No pareció importarle. Sacó el pez de la bolsa en que lo traíamos y lo acostó sobre un plato en el que había un poco de agua. El animal comenzó a sacudirse.
—¡Sujétalo!
—Se nos va a morir—grité.
Mi esposo corrió hacia una alacena y trajo un pincel, una caja de pinturas y una cinta.
—¿Qué haces?
—Voy a pintarlo, te dije—respondió.
—Vamos a matarlo.
—No exageres.
—¿No crees que deberíamos decirle la verdad a Santiago?

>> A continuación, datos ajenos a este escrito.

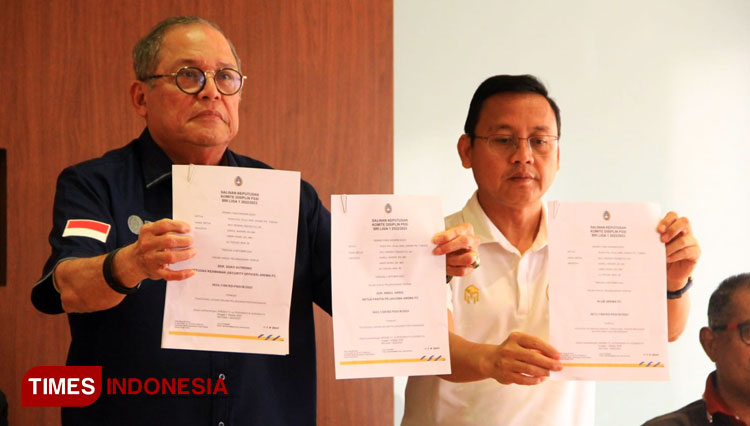 Ketua Komdis PSSI, Erwin Tobing (kiri) saat menunjukkan surat keputusan perihal Tragedi Stadion Kanjuruhan di Hotel Atria Malang. Selasa (4/10/2022). (Foto: Tria Adha/TIMES Indonesia)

—Si no vas a ayudar, no estorbes—dijo quitando mis dedos y sujetando con los suyos el cuerpo del pez; con el índice y el pulgar de la mano derecha, como si se tratara de una hazaña, abrió la pintura negra y hundió el pincel. Luego lo pasó por encima del animal que, al sentir la pintura sobre su textura escamosa, se sacudió con más fuerza.

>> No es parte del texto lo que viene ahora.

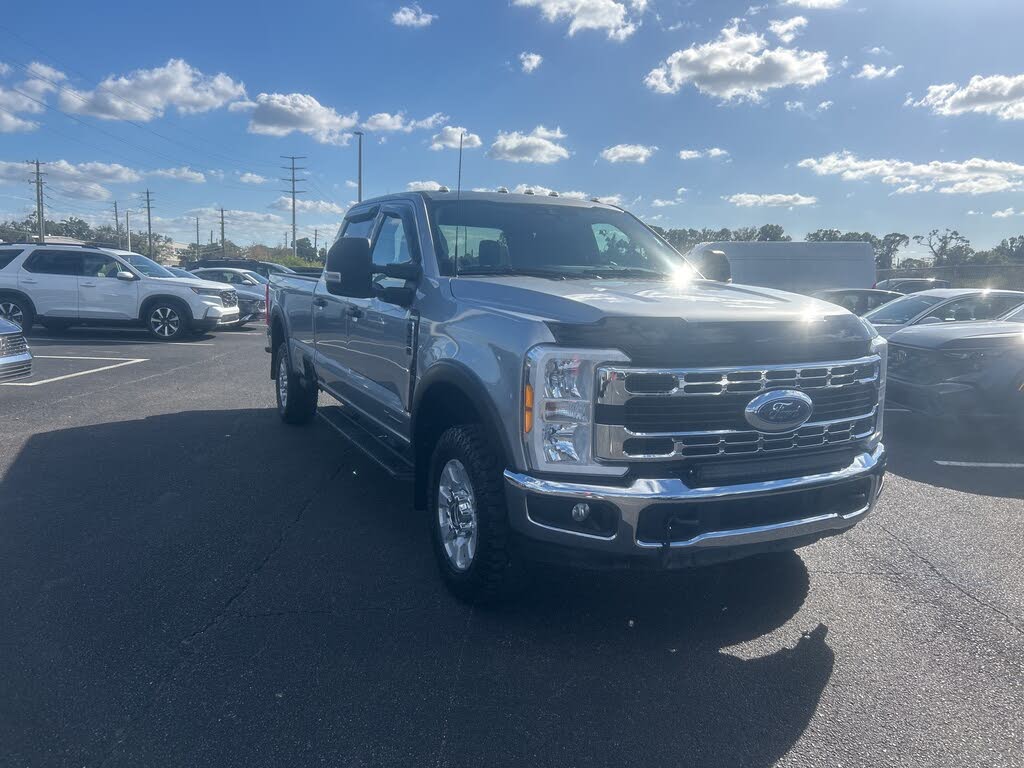 2023 Ford F-250 Super Duty XLT Crew Cab 4WD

—Ayúdame—gritó mi esposo—. No te quedes viéndome la cara.
De mala gana apreté con suavidad la cola del pez. Julián pasó dos veces el pincel por la cara del animal, dejando una estela negra que se disolvía en el agua y formaba una mancha negruzca que caía hacia el plato. Aquel animal en nada se parecía a Ramón. Se me ocurrió que tenía más parecido a Gene Simmons de Kiss. Luego, en un rápido movimiento, mi esposo rompió un pedazo de cinta y la pegó sobre la cara de Gene (como lo bauticé), buscando evitar que toda la tinta se disolviera.
—Voltéalo.
Resignada hice lo que me pidió y lo vi hacer lo mismo sobre el otro costado del animal. La cinta, que se había llenado de pintura negra, cubría parte de los ojos. Se lo mencioné.
—Ahora en el agua se le quita—respondió.
Metí a Gene a la pecera justo en el momento en que escuchamos el bus escolar acercándose. Mi esposo corrió a recibir a nuestro hijo. Yo me quedé viendo el pez que nadó varias veces alrededor del acuario, como haciendo reconocimiento del área, y luego se detuvo y empezó a hundirse entre las piedrecillas y las hierbas artificiales. Mi hijo, que había entrado y se había ubicado cerca de mí, contempló la escena sin decir una palabra. Volteé la cara buscando a Julián. Contemplé sus ojos vidriosos y la boca donde se ahogaba el llanto. Ahora tendríamos que explicar a nuestro hijo la muerte del pez y no olvidaríamos que nosotros lo matamos.»